With vandals targeting ‘problematic’ statues across the US, a crowd in Madison, Wisconsin vented their fury on an unlikely target: A memorial to Hans Christian Heg, an immigrant who died fighting against the Confederacy.
Born in Norway in 1829, Heg arrived in the US 11 years later. He later joined the Republican Party and became known as an anti-slavery activist, as well as the leader of an anti-slave catcher militia. Fighting for the Union during the civil war, Heg was fatally wounded at the Battle of Chickamauga, and had a statue erected in his honor in 1924.
That same statue was lashed with chains and torn down by rioters on Tuesday night. After it came crashing to the ground, the figure was unceremoniously rolled to a nearby lake and dumped, as the crowd cheered.
The city’s ‘Lady Forward’ statue was also toppled and dumped. Intended to symbolize the virtues of “devotion and progress,” the piece was a 1990s replica of a monument standing since 1895.

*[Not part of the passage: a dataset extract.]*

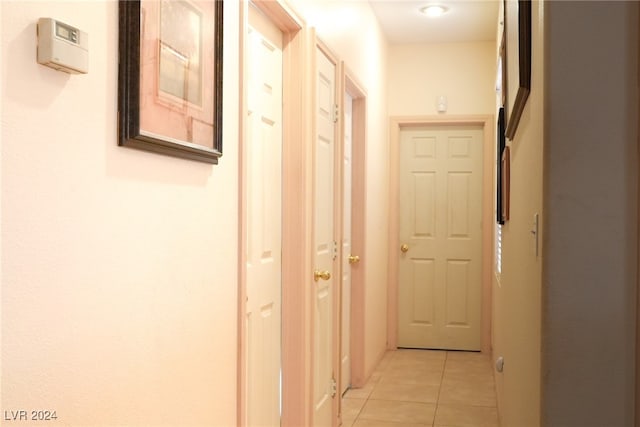 hallway featuring light tile patterned flooring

The unrest in Madison kicked off when police arrested a black man who’d brought a baseball bat into a restaurant in the area earlier that day. As crowds clamored for the man’s release, the violence was not just aimed at inanimate objects: Democratic state Senator Tim Carpenter was attacked when he attempted to take a photo of the protests. Carpenter told the Milwaukee Journal-Sentinel that he was punched numerous times and kicked in the head.
Rioters also smashed storefronts, set fires, vandalized cars, and, in one case, beat up a passerby, seemingly at random.

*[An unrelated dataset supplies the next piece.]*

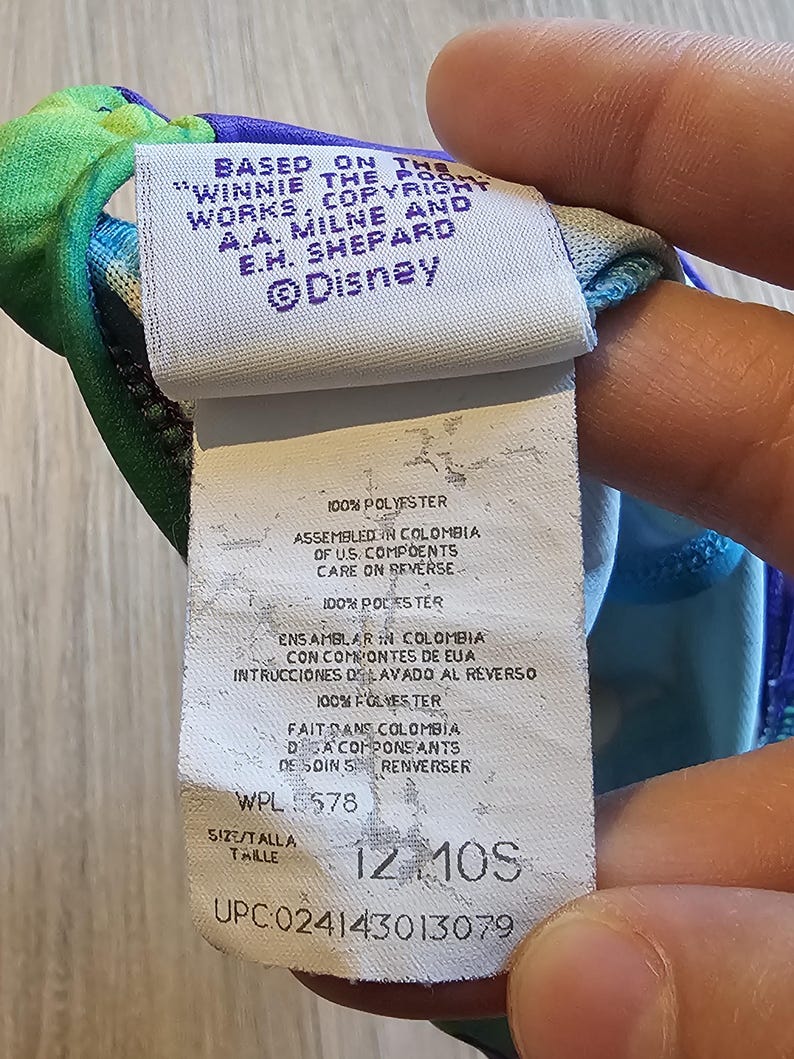 May include: A tag from a Winnie the Pooh garment, featuring text including "&copy;Disney", "100% POLYESTER", and size "12 10S". The tag is white with black text and is attached to a colorful fabric.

In the month of protests and riots that followed the death in Minneapolis of George Floyd, monuments to slave-owning politicians and Confederate war heroes have been pulled down across the country. Though President Donald Trump has threatened the vandals with tough jail sentences, the destruction has been endorsed by prominent left-wing pundits and journalists.

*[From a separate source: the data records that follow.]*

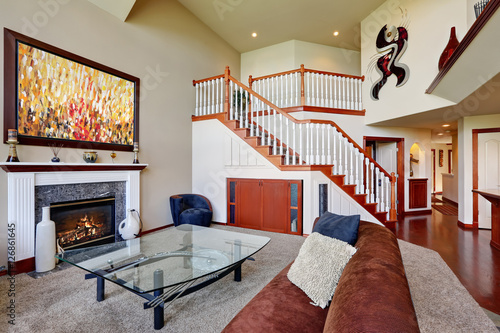 American Living Room With High Vaulted Ceiling And Staircase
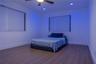 Wood-finish flooring, recessed lighting, ceiling fan with integrated light, and dual windows with pleated shades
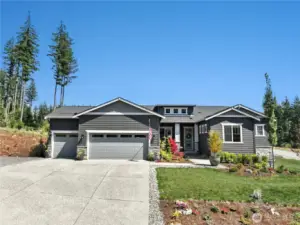 Welcome to this immaculate rambler on a one-acre corner lot!
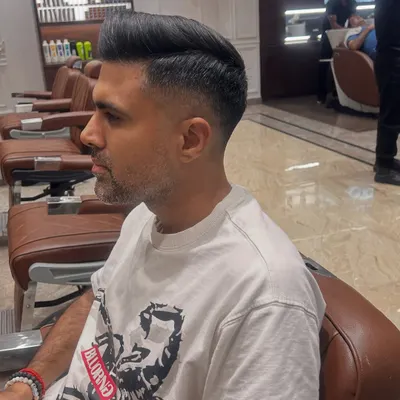 Walk in with style. A sharp, clean fade haircut that looks great from every angle.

However, in their rush, the mobs have chosen some puzzling monuments for removal, among them a statue of President Ulysses S. Grant in San Francisco. Despite Grant’s role in ending slavery and his prosecution of the Ku Klux Klan, Grant came crashing down last week. Another abolitionist, Matthias Baldwin, had his likeness defaced in Philadelphia, while protesters in Boston vandalized a memorial to African-American soldiers in the Civil War. Even more confusingly, activists in Austin, Texas, attacked a statue of blues musician Stevie Ray Vaughan.